The only methods I can find are to poll the subprocess (which I don't have access to in this route), or try to kill the process to see if it's alive. Is there any clean way to just get a binary answer of if it's still running based on the PID, and if it completed successfully if not?

from flask import Flask, jsonify, request, Response
from subprocess import Popen, PIPE
import os

app = Flask(__name__)

QUEUE_ID = 0

jobs = []

@app.route("/compile", methods=["POST"])
def compileFirmware():

    f = request.files['file']
    f.save(f.filename)

    os.chdir("/opt/src/2.0.x")

    process = Popen(['platformio', 'run', '-e', 'mega2560'], stdout=PIPE, stderr=PIPE, universal_newlines=True)

    global QUEUE_ID
    QUEUE_ID += 1

    data = {'id':QUEUE_ID, 'pid':process.pid}
    jobs.append(data)

    output, errors = process.communicate()
    print (output)
    print (errors)

    response = jsonify()
    response.status_code = 202 #accepted
    response.headers['location'] = '/queue/' + str(QUEUE_ID)
    response.headers.add('Access-Control-Allow-Origin', '*')
    return response

@app.route("/queue/<id>", methods=["GET"])
def getStatus(id):

    #CHECK PID STATUS HERE

    content = {'download_url': 'download.com'}
    response = jsonify(content)
    response.headers.add('Access-Control-Allow-Origin', '*')
    return response

if __name__ == '__main__':
    app.run(host='0.0.0.0',port=8080)

Solution

  • Here is a little simulation that works:

    from flask import Flask, jsonify, request, Response, abort
    from subprocess import Popen, PIPE
    import os
    
    app = Flask(__name__)
    
    QUEUE = { }
    
    @app.route("/compile", methods=["POST"])
    def compileFirmware():
        process = Popen(['python','-c','"import time; time.sleep(300)"'], stdout=PIPE, stderr=PIPE, universal_newlines=True)
        QUEUE[str(process.pid)] = process # String because in GET the url param will be interpreted as str
        response = jsonify()
        response.status_code = 202 #accepted
        response.headers['location'] = '/queue/' + str(process.pid)
        response.headers.add('Access-Control-Allow-Origin', '*')
        return response
    
    @app.route("/queue/<id>", methods=["GET"])
    def getStatus(id):
        process = QUEUE.get(id, None)
        if process is None:
            abort(404, description="Process not found")
        retcode = process.poll()
        if retcode is None:
            content = {'download_url': None, 'message': 'Process is still running.'}
        else:
            # QUEUE.pop(id) # Remove reference from QUEUE ?
            content = {'download_url': 'download.com', 'message': f'process has completed with retcode: {retcode}'}
        response = jsonify(content)
        response.headers.add('Access-Control-Allow-Origin', '*')
        return response
    
    if __name__ == '__main__':
        app.run(host='0.0.0.0',port=8080)
    

    There are further considerations you must think about if this application is going to be used as more than an individual project.

    • We use QUEUE global variable to store the states of processes.

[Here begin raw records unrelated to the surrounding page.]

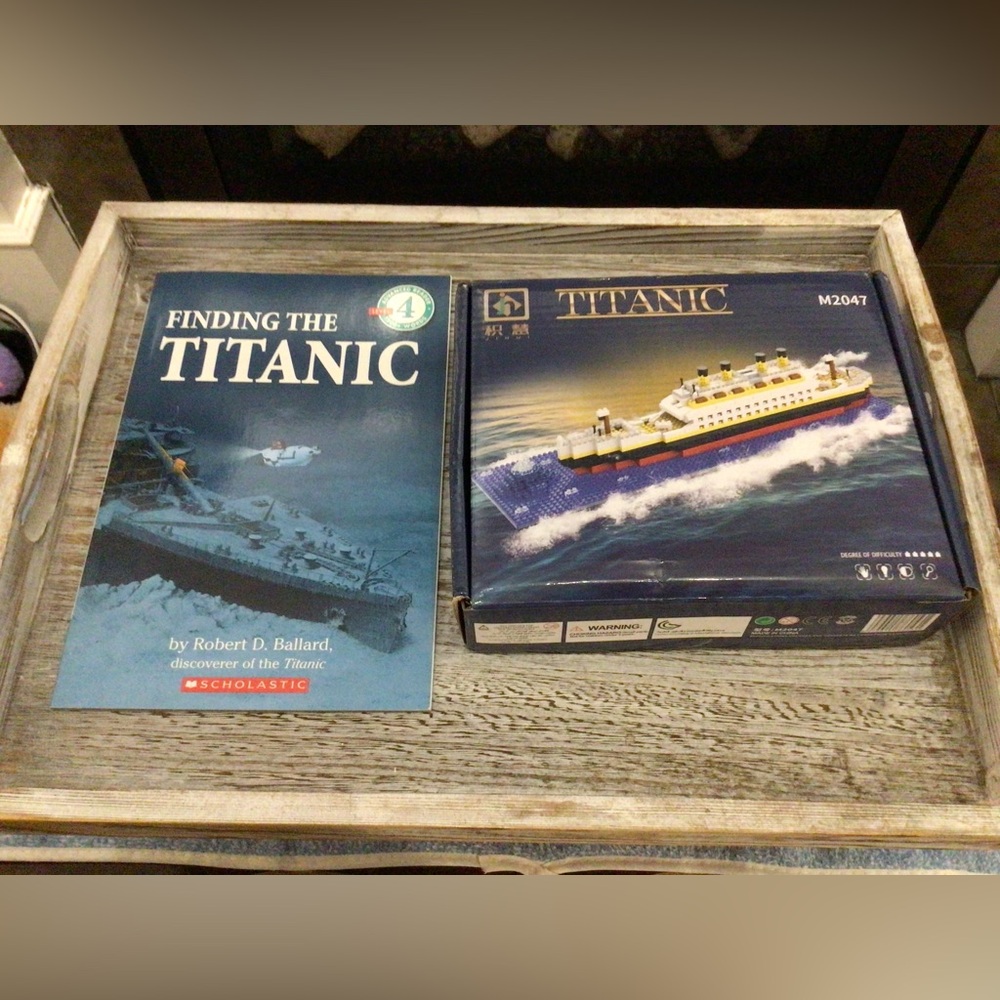 Finding the Titanic Book and Titanic Model Set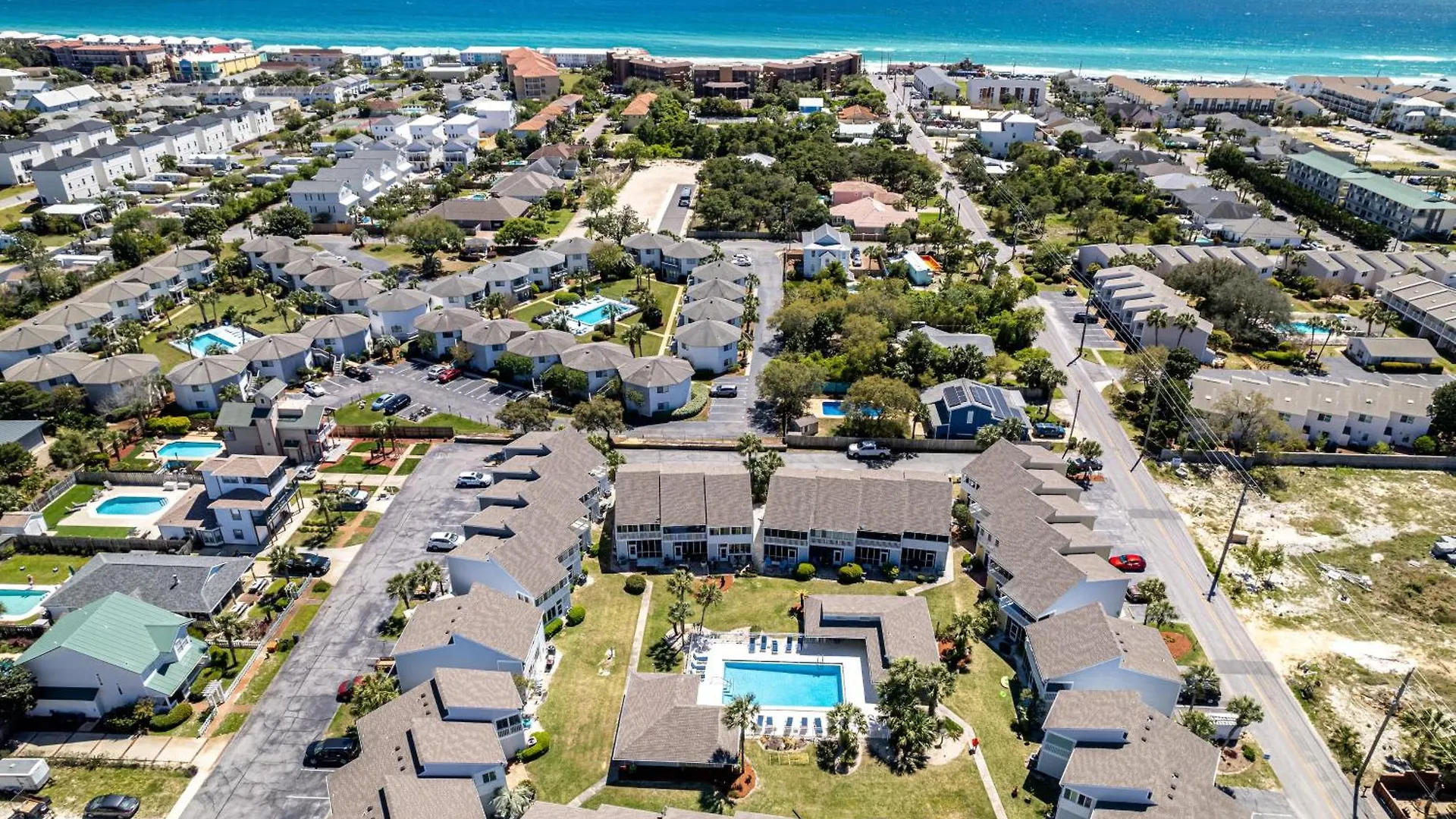 Dolphin Point 305B- By Holiday Isle Properties Destin United States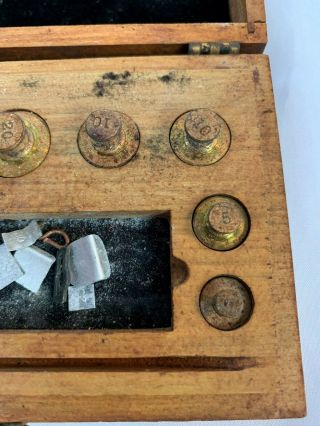 VINTAGE ANTIQUE BRASS BALANCE SCALE WEIGHTS IN WOOD BOX 3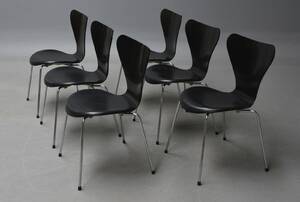 Arne Jacobsen. Seks 7er stole, model 3107, sortlaseret 6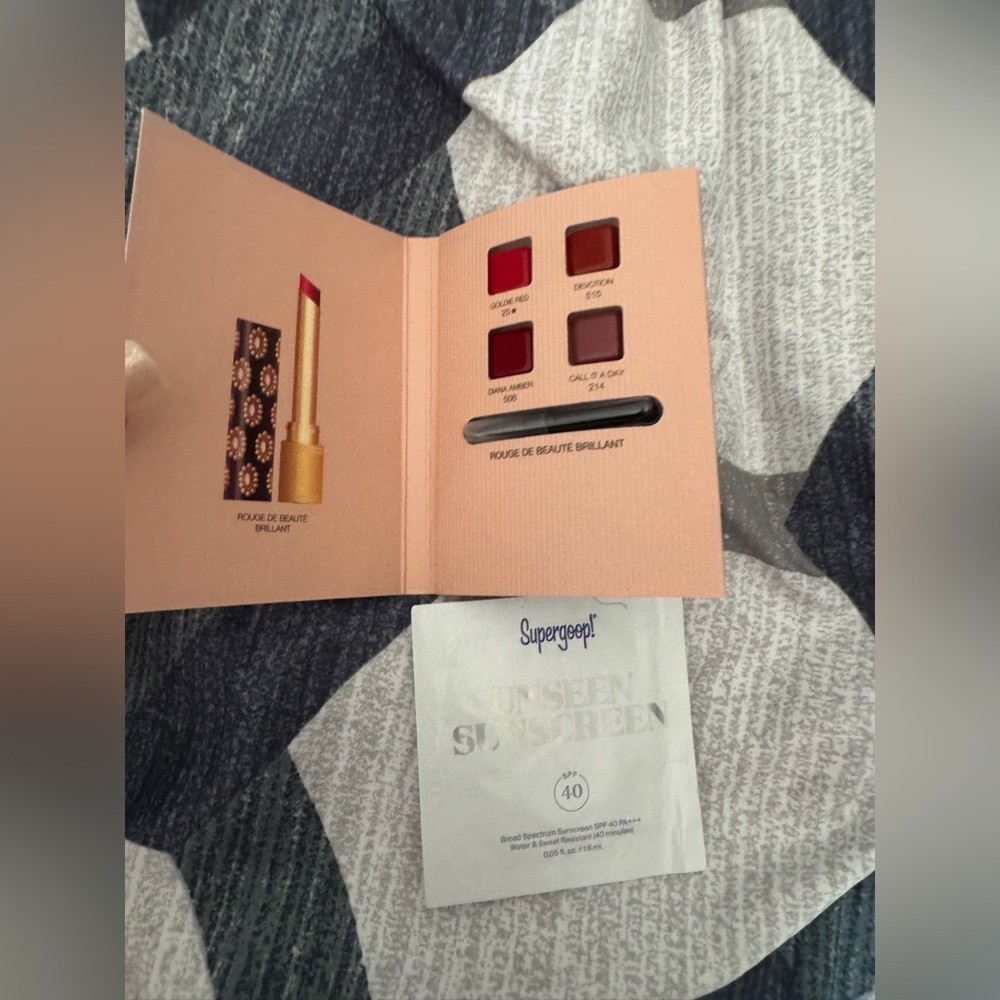 Gucci Rouge Lipstick sample and Suppergoof sample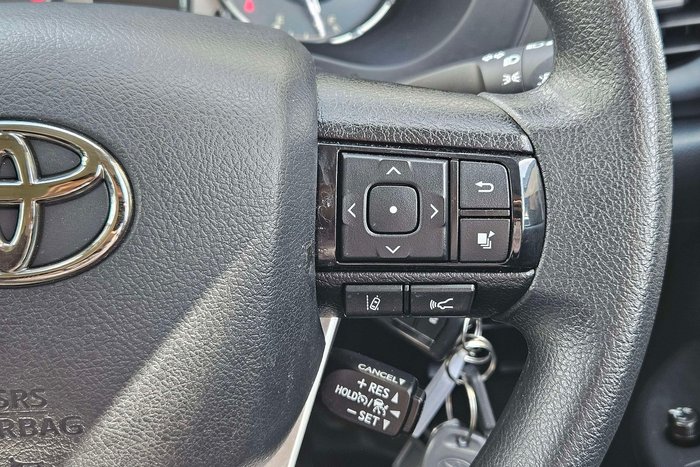 2023 Toyota Hilux SR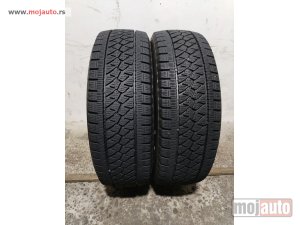 polovni delovi  2948. Gume BRIDGESTONE 16 C, ZIMSKE 215/65, Šara 7,9 mm. DOT 3318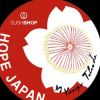 Le badge Hope Japan by Kenzo Takada venu par SushiShop à 2 euros, dont les bénéfices seront reversés à la Croix-Rouge
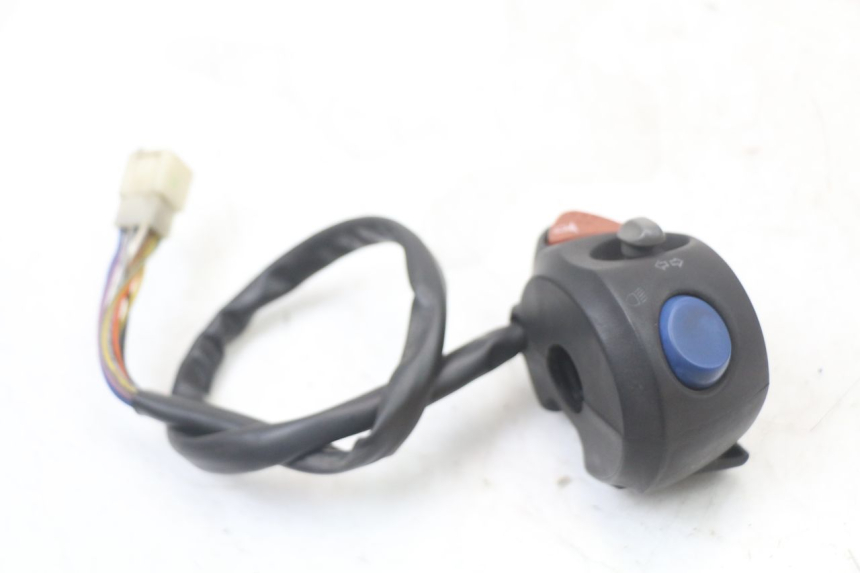 photo de LEFT HANDLEBAR SWITCH PEUGEOT ELYSTAR 50 (2002 - 2014)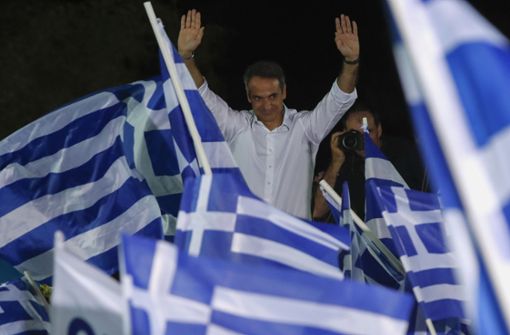 Kyriakos Mitsotakis, Vorsitzender der konservativen Oppositionspartei Nea Dimokratia (hier bei einer Wahlkampfveranstaltung), kann seinen Triumph bejubeln. Foto: dpa
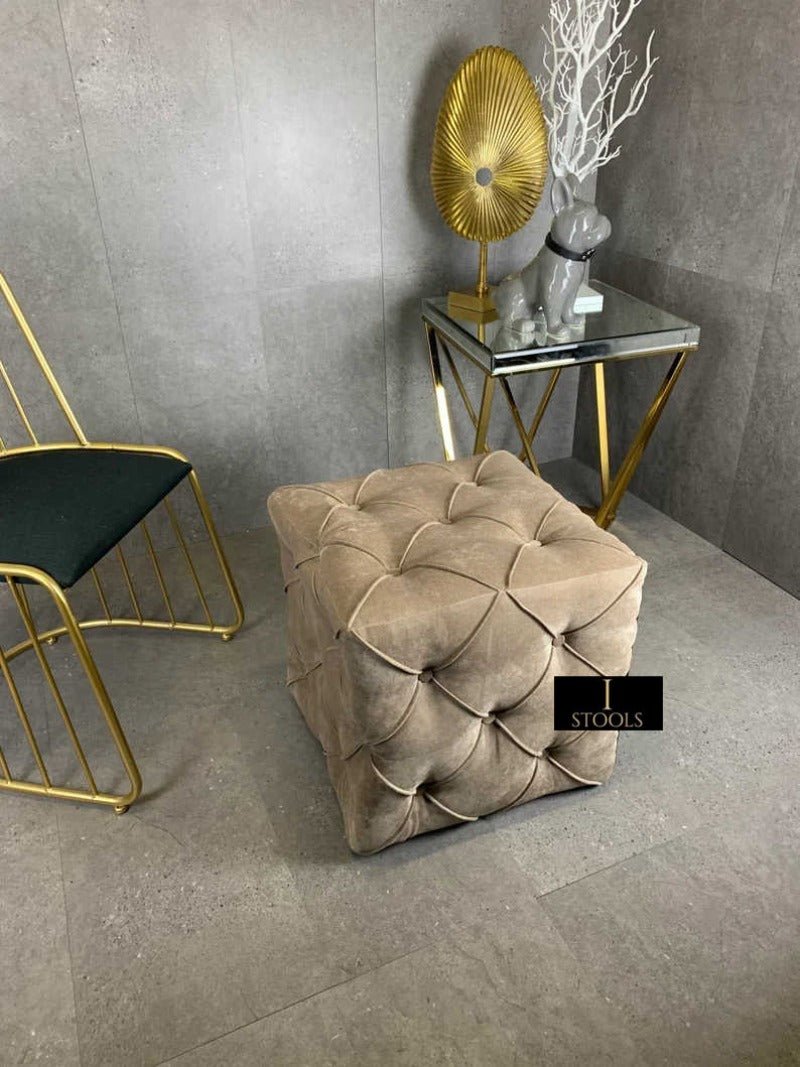 Brown square cube deep buttoned coffee table - ISTOOLS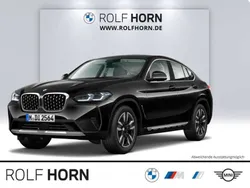 Saphirschwarz metallic Gebraucht 2023 BMW X4 SUV | 48.840 € (Guter Preis)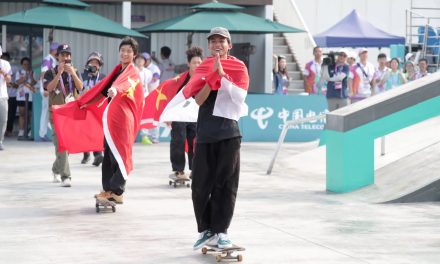 Sanggoe Darma Tanjung Sabet Trofi International Street Skate JKT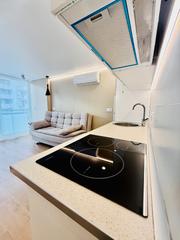 Apartament a Carrer de rodríguez pomatta 12. ¡descubre tu nuevo hogar junto al mar!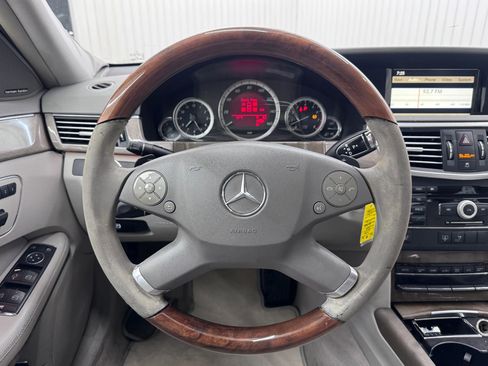 Used 2010 Mercedes-Benz E 350 E 350 Sedan 4D image 19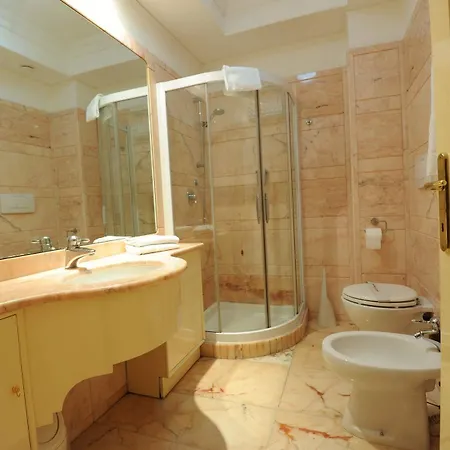 Lh Domus Caesari 4* Marino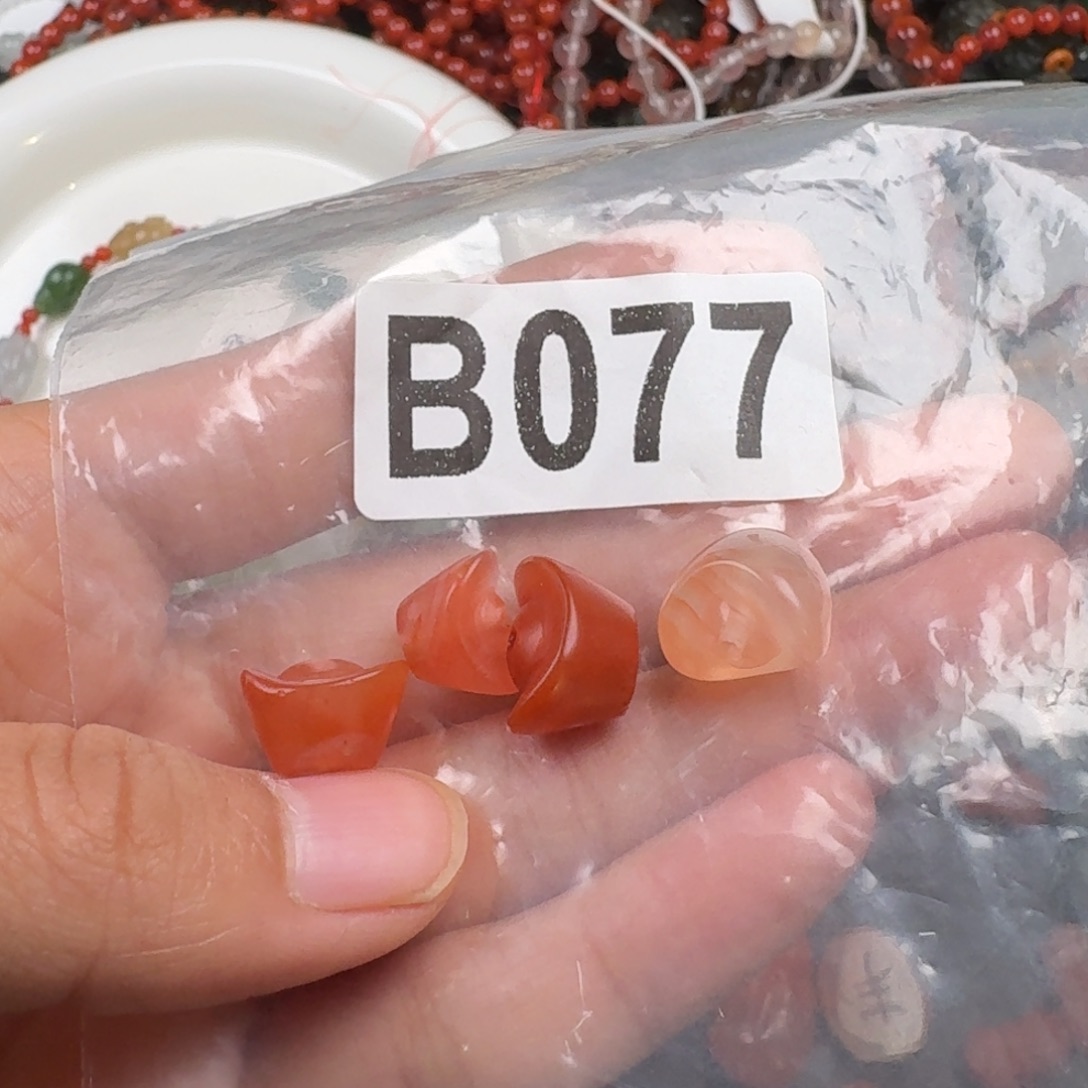 南红玛瑙未镶嵌珠宝奇石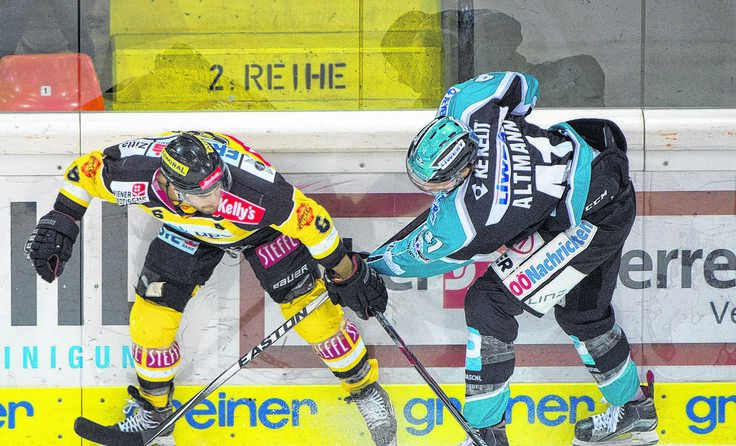 Einen 4:3-Erfolg feierten die Black Wings (r.) auf Wiener Eis. Foto: BWL/Eisenbauer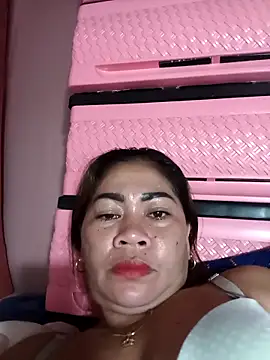 Webcam Model (SweetChubbyMommy_02)  is live.Free join now!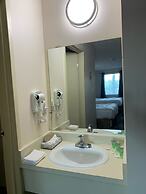 Falls Lodge and Suites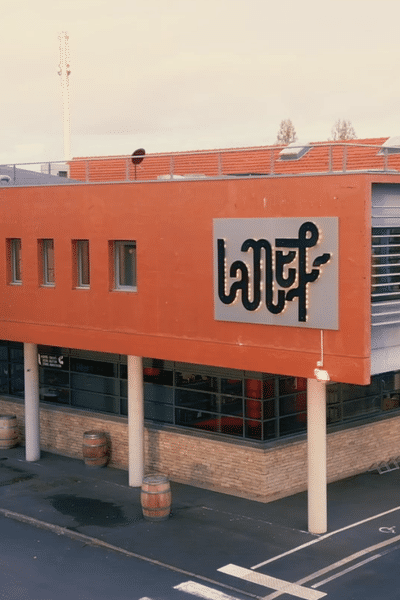 SMAC MACHINE - La Nef à Angoulême avec trois groupes sur cette scène labellisée SMAC : Sosu Inn, Dirty Shades et Flo/so.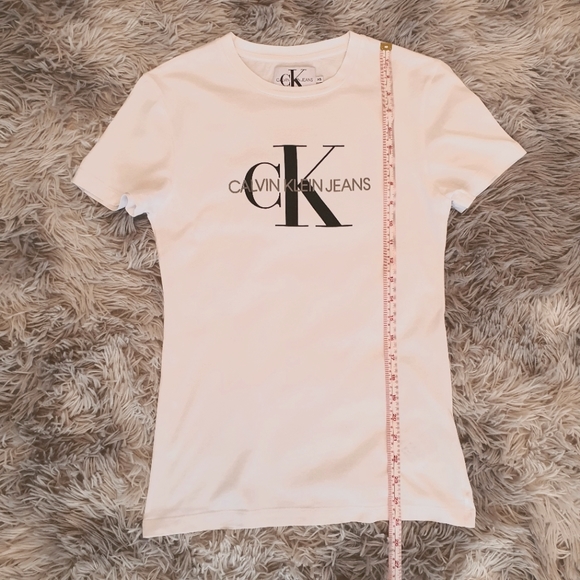 Calvin Klein Jeans White t-shirt Size XS - Picture 8 of 11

But in a real project, the deployment via wsgi / gunicorn can have multiple workers with each worker having its own global variable. So for scaling up, consider using a redis / mq data store instead.

    • Does the QUEUE ever need to be cleaned up? Should it be cleaned up? It has a disadvantage that if you clean it up after the value has been GET once, the next GET fetches 404. It is a design decision if the GET api must be idempotent(most likely yes).